[[ Data supplied, beginning ]]
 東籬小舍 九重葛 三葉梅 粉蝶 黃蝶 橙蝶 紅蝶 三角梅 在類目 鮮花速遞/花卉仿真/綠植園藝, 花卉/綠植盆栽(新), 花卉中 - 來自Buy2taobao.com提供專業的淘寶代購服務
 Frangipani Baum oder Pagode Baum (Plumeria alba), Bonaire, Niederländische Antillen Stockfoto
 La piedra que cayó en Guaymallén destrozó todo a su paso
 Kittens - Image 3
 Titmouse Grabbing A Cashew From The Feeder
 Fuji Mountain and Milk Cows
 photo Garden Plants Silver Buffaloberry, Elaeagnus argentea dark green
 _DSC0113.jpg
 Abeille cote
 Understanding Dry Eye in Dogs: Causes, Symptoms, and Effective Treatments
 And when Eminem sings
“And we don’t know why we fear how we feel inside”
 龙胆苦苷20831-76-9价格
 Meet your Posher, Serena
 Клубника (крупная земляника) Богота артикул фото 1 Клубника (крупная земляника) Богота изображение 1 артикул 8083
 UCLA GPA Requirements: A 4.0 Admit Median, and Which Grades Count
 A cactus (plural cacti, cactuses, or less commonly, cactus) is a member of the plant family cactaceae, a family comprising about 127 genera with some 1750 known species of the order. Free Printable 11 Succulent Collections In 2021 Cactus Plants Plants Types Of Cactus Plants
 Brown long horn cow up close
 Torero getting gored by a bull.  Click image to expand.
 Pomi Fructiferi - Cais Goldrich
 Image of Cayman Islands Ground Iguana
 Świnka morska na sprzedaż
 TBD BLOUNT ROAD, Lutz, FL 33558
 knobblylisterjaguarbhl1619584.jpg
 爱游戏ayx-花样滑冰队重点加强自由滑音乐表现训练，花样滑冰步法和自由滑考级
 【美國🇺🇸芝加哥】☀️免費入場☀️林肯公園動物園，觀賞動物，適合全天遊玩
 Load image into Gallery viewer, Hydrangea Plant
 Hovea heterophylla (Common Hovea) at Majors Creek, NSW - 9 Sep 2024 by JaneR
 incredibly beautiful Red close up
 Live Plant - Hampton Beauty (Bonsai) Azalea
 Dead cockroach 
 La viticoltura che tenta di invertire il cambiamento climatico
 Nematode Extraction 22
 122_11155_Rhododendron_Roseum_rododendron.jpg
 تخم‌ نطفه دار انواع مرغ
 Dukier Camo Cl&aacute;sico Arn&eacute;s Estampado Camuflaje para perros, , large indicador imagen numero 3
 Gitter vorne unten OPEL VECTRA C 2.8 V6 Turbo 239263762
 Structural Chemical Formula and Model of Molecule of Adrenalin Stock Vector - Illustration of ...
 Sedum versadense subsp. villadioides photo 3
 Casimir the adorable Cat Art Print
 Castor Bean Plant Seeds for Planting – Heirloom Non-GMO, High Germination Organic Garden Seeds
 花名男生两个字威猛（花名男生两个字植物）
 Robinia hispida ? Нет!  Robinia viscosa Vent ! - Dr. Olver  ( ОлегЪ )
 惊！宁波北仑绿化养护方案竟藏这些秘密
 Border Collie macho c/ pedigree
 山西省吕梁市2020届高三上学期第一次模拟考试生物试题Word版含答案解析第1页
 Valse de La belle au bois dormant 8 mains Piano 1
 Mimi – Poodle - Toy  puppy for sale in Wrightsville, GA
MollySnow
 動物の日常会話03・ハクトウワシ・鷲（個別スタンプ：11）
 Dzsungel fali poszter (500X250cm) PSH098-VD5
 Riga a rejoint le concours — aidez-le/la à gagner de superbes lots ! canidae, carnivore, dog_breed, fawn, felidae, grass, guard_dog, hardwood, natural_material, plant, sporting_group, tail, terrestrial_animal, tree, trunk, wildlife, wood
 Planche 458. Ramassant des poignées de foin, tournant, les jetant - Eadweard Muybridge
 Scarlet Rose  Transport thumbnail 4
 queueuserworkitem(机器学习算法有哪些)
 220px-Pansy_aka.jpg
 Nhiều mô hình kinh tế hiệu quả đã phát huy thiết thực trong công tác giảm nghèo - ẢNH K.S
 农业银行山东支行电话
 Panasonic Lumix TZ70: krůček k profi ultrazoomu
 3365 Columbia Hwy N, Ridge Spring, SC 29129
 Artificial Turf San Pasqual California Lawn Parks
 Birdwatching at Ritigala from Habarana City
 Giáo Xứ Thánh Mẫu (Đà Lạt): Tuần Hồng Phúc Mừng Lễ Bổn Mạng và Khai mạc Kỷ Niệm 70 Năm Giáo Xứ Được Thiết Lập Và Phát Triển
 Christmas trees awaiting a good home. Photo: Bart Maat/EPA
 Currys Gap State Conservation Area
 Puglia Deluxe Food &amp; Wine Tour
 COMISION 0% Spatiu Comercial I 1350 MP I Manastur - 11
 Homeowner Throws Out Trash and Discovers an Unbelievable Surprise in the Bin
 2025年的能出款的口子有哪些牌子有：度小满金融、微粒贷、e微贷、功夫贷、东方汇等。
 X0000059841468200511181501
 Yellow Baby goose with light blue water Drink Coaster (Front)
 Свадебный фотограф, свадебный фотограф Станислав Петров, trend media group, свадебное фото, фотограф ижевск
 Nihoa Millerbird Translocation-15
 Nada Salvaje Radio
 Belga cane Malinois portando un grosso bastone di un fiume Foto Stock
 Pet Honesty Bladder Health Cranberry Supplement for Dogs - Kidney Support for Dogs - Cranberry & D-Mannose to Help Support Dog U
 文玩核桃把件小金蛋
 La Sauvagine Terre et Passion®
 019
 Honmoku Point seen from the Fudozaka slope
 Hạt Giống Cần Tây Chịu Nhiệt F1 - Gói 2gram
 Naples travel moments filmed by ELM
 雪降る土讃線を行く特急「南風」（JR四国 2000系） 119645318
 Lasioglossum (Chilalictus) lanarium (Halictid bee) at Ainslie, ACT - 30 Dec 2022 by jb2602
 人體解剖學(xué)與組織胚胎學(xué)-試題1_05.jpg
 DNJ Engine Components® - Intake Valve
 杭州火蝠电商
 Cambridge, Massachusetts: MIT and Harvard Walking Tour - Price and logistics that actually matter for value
[[ Data supplied, end ]]
> _Required action_:
Return the lines above that include the string "фото".

> _Solution for this exercise_:
 Клубника (крупная земляника) Богота артикул фото 1 Клубника (крупная земляника) Богота изображение 1 артикул 8083
 Свадебный фотограф, свадебный фотограф Станислав Петров, trend media group, свадебное фото, фотограф ижевск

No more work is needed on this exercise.